One thousand years of salt

(Beijing this month)
Updated: 2007-04-05 12:56

Salt with Everything

Non-guests need a ticket to look around Wu's old home, as this is the high-point of the official walking tour. No cars are allowed inside Heijing, where the only permitted form of transport is a horse-drawn cart.

It is still a small town, with just a single main street running parallel to the Longchuan River and, behind that, a handful of alleys boxed into the spaces remaining before steps begin climbing the foot of Mount Wuchun. From the Yuan Dynasty stone bridge at the south end of town, a 20-minute stroll could take you via Heijing's oldest salt well, the Black Cow Well (so named because a cow is said to have fallen in and turned into a rock), all the way to the north end of the main street, where the Sunday market gathers next to a decrepit salt factory. A few steps further and the town ends at the 7-metre wide, 11-metre tall and 385-metre long Qing'and Dam, built in 1716 to protect Heijing from flash floods rushing off Mount Wuchun and down Dragon Gully.
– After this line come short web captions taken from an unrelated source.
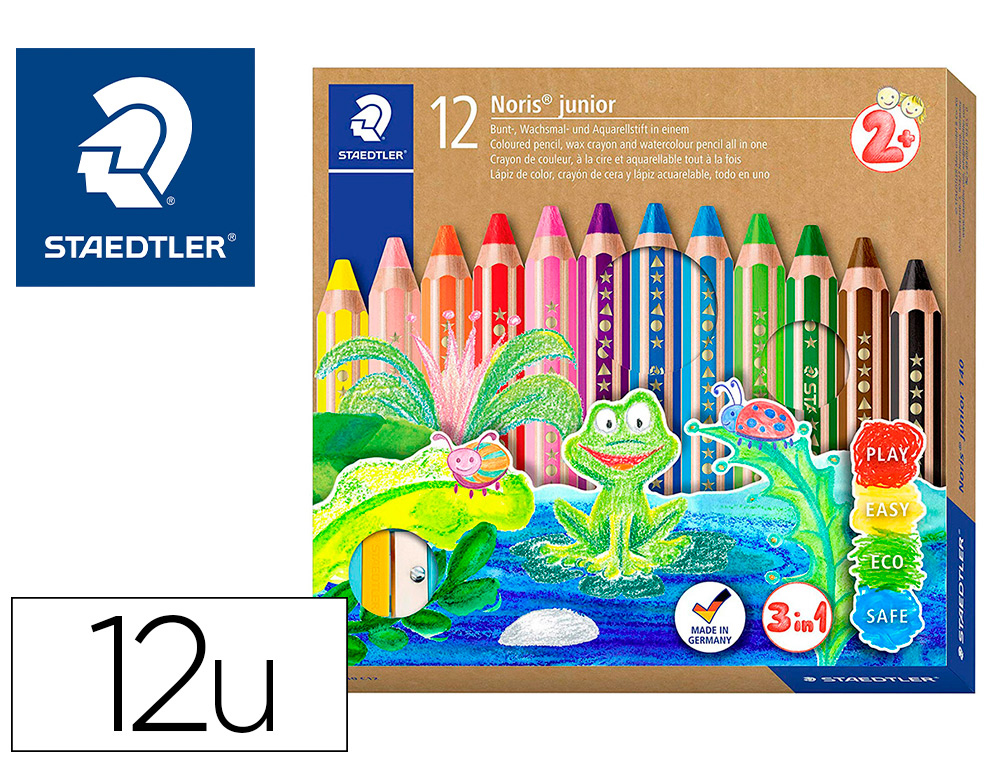 12 crayons de couleur - Couleurs pastel - Design Journey 146C - Staedtler -  Dessiner - Colorier - Peindre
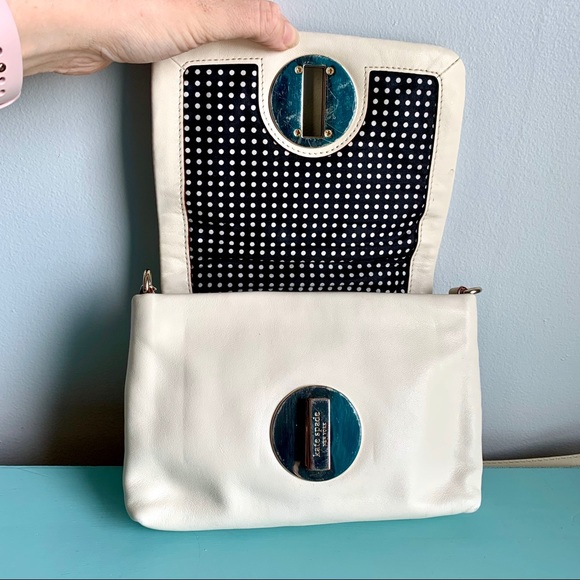 ✨HP✨ KATE SPADE Ivory Leather Crossbody Bag - Picture 5 of 15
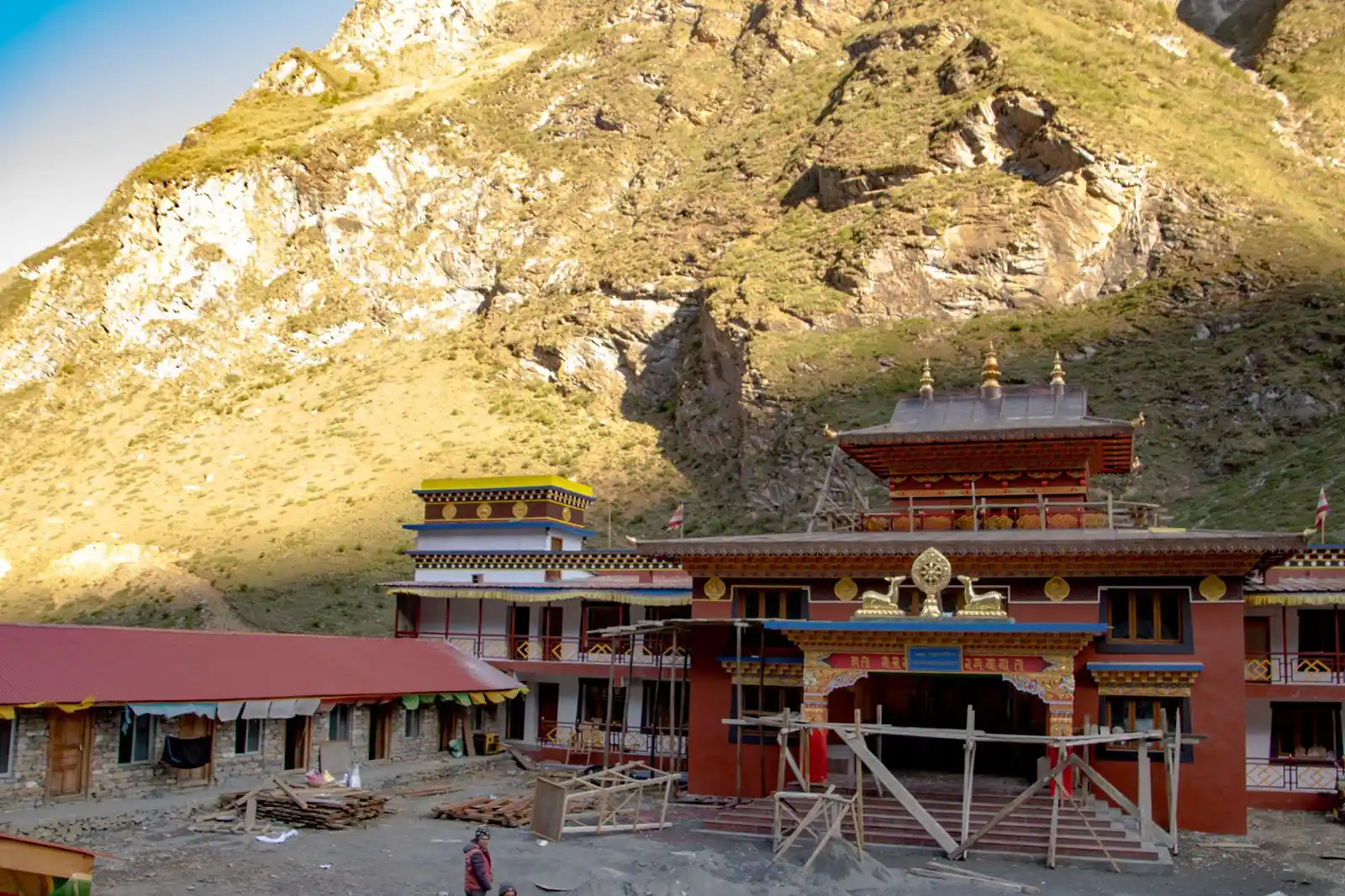 Newly build monastery in Tsum Valley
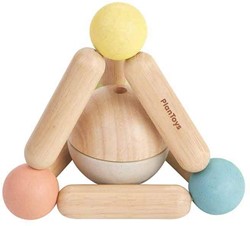 PlanToys Jouets en bois Jouet de préhension triangulaire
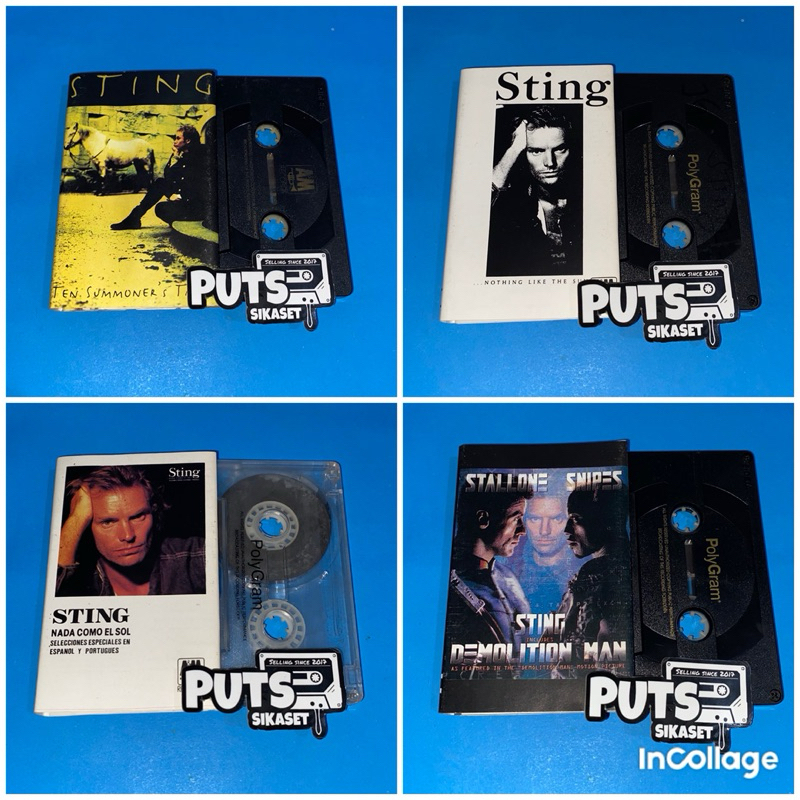 kaset pita The Police & Sting - Berbagai Macam Album (Member The Police)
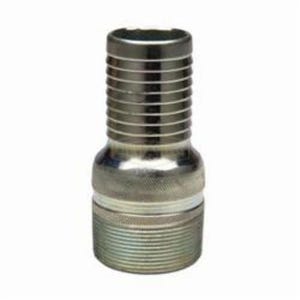 Dixon® STC3035 Jump Size King™ Combination Nipple, 3 x 2-1/2 in x 5-3/4 in L NPT x Hose Shank, Carbon Steel, Zinc Plated, Domestic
Beyond that is a bumpy two-kilometre track leading to the Salt Museum, where salt is still produced for the edification of tourists and the satisfaction of traditional tastes: a cup of tea in Heijing is likely to include a dash of salt, while the town's signature dish is a salty chicken based on the fowl that workers once prepared in the factories' spare salt-roasting pans. It's a splendid museum with photographs covering 100 years of local history, but you will need to be with someone who can read Chinese to get the most out of it.

The Sunday market reflects Heijing's current situation. Day-trippers and weekenders from Kunming jam the street, but aside from a few snacks and salt mementoes, the market doesn't really cater to them. Horses and donkeys are still traded down by the river, while peasants from the mountain villages hawk vegetables, chickens and pigs to the townsfolk.

Almost no tourists visit from Monday to Friday, so the town still has a life of its own, combining a strong sense of history with a pleasing lack of commercialization. Catch it while you can.